El concierto provocó el placer de lo bello e inesperado, despertando en medio de la tarde del domingo y alzando el vuelo sin previo aviso. Iba a decir ante mis ojos, pero no pude verlo, sólo escucharlo, calladito y en silencio.
Tengo nuevos vecinos en el piso de abajo. Jóvenes, me parece. No los tengo vistos, apenas fugazmente. Desde hace unos días, a determinada hora de la tarde, llega a mis oídos el agudo lamento de las cuerdas de un violín, porque las paredes de mi casa son de papel, como suele decirse. No le he prestado demasiada atención. No me molesta, suena bajito y muy poco tiempo. Unos ejercicios de digitación, una escala, algún arpegio, una breve pieza como mucho y ya está. Lo suficiente como para no perder la costumbre.

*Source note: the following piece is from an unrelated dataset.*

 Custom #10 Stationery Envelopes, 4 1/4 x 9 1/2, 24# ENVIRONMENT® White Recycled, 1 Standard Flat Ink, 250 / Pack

Pero ayer, ¡caramba!, el músico anónimo arrancó con dos o tres ejercicios, para calentarse, y luego atacó una pieza de Bach. Así, con un par, que no es poco el riesgo. Cometió algunas imperfecciones, repitió algunos pasajes, se atascó en alguna frase, pero me regaló con una maravillosa sonata. Ejecutó la pieza y luego otra. Tocó varias piezas del virtuosismo barroco y luego me regaló un fragmento del Concierto para Violín de Tchaikovski (sin orquesta, lástima). Beethoven, otra floritura barroca y fin. Oh... ¿No hay más?
Unas dos horas después, volvió a sonar música. Un clarinete, me pareció. Tocaba una partitura con relativa facilidad y de repente, sin avisar, se le sumó el violín. Aquello ¿era Mozart? Me da que sí, pero es posible que no. No lo sé, pero me lo pasé muy bien. Apagué el televisor y disfruté como un enano.
A veces, las tardes del domingo se tornan maravillosas sin querer y sin avisar.